'''
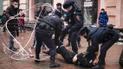 Массовые протесты за Навального: в России задержали рекордные 5 тысяч человек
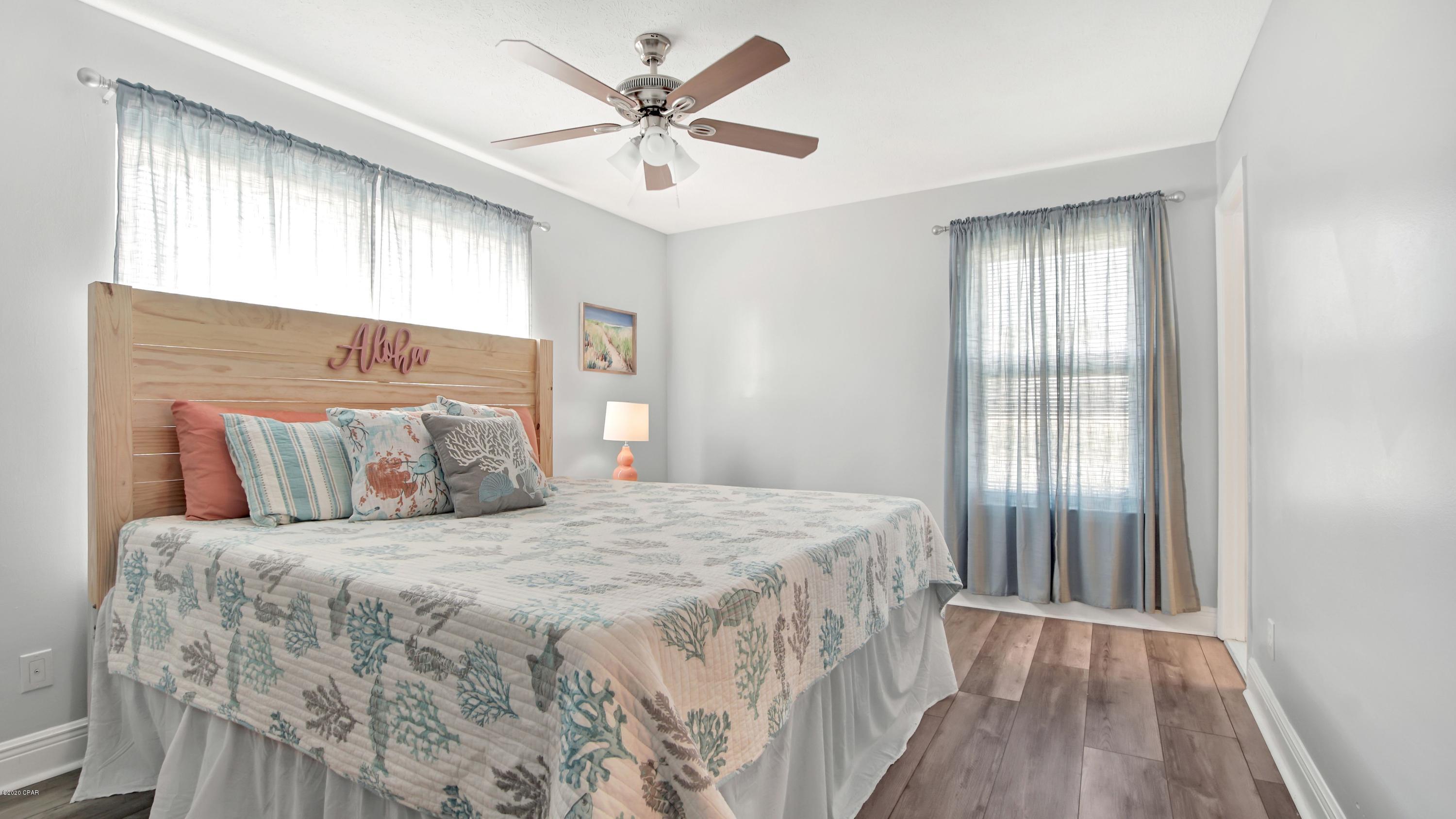 Baywood Shores Est Unit 5 - Residential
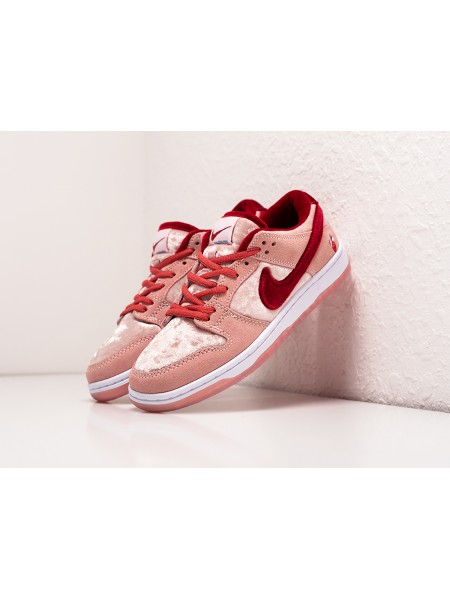 Кроссовки StrangeLove x Nike SB Dunk Low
'''
[WHAT YOU NEED TO DO]:
Give the listing again word for word. Skip any pictures.

[RESULT FOR THIS EXERCISE]:
 Массовые протесты за Навального: в России задержали рекордные 5 тысяч человек
 Baywood Shores Est Unit 5 - Residential
 Кроссовки StrangeLove x Nike SB Dunk Low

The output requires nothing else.